Friday 13 September 2013

Fate of "Big Mountain Jesus" Now Rests with the Ninth Circuit Court of Appeals

At Whitefish Mountain Resort in Montana, one may encounter Jesus--in the form of a six foot tall statue, adorned in a baby blue robe, and from time to time, ski goggles and mardi gras beads.  This iconic local statue remains the topic of an extended battle between an atheist group, the Freedom From Religion Foundation (FFRF), and the U.S. Forest Service and the Knights of Columbus.  The statue, known as Big Mountain Jesus, was placed in its current location in the 1950's by the Knights of Columbus.  Due to the passage of time and varying historical narratives, the precise reasons for the existence of the statue are unknown.  By some accounts the statue was meant to honor veterans of World War II who had served in the 10th Mountain Division, as they had encountered similar shrines throughout their time in the mountain communities of Europe.
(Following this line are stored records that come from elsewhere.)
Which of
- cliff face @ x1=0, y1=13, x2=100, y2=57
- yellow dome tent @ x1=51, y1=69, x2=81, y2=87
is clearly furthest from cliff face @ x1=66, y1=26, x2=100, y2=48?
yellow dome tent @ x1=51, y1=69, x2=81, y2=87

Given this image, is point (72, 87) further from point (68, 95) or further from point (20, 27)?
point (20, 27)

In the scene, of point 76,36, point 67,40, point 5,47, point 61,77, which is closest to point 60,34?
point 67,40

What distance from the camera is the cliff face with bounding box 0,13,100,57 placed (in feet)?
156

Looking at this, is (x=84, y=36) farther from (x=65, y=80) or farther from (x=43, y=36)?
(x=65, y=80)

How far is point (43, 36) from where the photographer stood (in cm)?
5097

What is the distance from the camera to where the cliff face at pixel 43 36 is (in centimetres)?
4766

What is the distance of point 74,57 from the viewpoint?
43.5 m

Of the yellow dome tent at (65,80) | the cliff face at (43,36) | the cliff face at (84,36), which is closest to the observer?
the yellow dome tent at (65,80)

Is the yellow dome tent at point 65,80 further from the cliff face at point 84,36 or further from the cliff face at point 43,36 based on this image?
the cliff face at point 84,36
Although Big Mountain Jesus stands atop a private ski area, the ski area's land is leased from the U.S. Forest Service.  Every ten years, the Knights of Columbus seek a permit for the statue to remain situated.  According to FFRF, a statue of Jesus on public lands violates the Establishment Clause of the First Amendment to the U.S. Constitution, which mandates government neutrality between individual religions as well as between religion and non-religion.
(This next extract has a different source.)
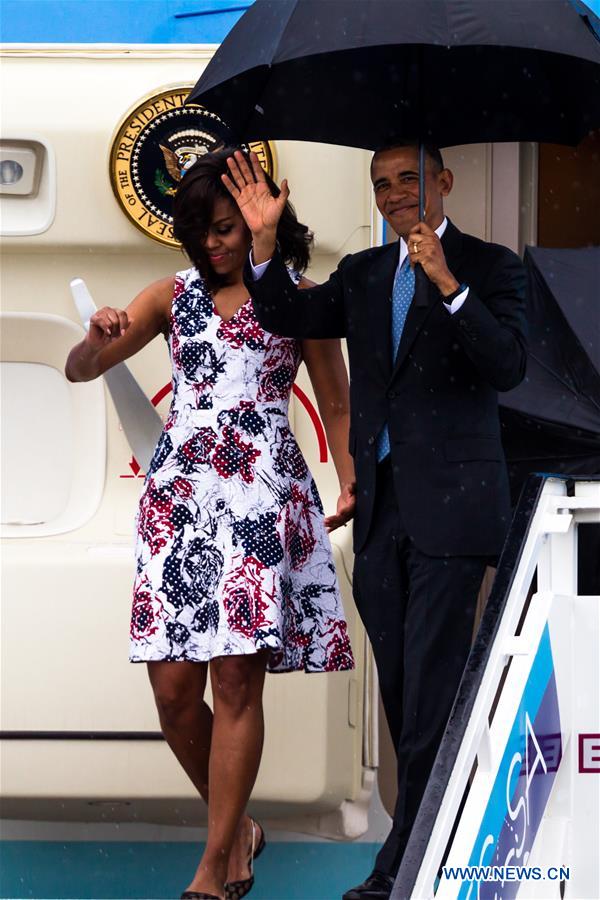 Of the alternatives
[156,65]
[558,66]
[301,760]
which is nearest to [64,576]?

In June 2013 the U.S. District Court for Montana issued a decision upholding the Forest Service's decision to again approve the Big Mountain Jesus permit.  Acknowledging intense political pressure and involvement from the National Register of Historic Places in favor of reissuing the permit, but dismissing that pressure as a basis for its decision, the court held that the continued presence of Big Mountain Jesus was not a Constitutional violation.  The court relied on the principal that not all religious symbols run afoul of the Establishment Clause.  To the extent that the statue may have had religious significance, the court found that over the course of the last 60 years the statue had become a historic landmark and curiosity more secular in nature.  Ultimately, the court held that the U.S. Forest Service's discrete act of issuing a permit did not reflect governmental endorsement of any religious sect.  Further, the court reasoned that because the government neither owns the statue nor controls the land it stands on, Big Mountain Jesus was more aptly considered private speech by its owners that cannot reasonably be interpreted to reflect government promotion of religion.

FFRF recently appealed that decision to the Ninth Circuit Court of Appeals.  The matter is scheduled to be fully briefed by January 2014.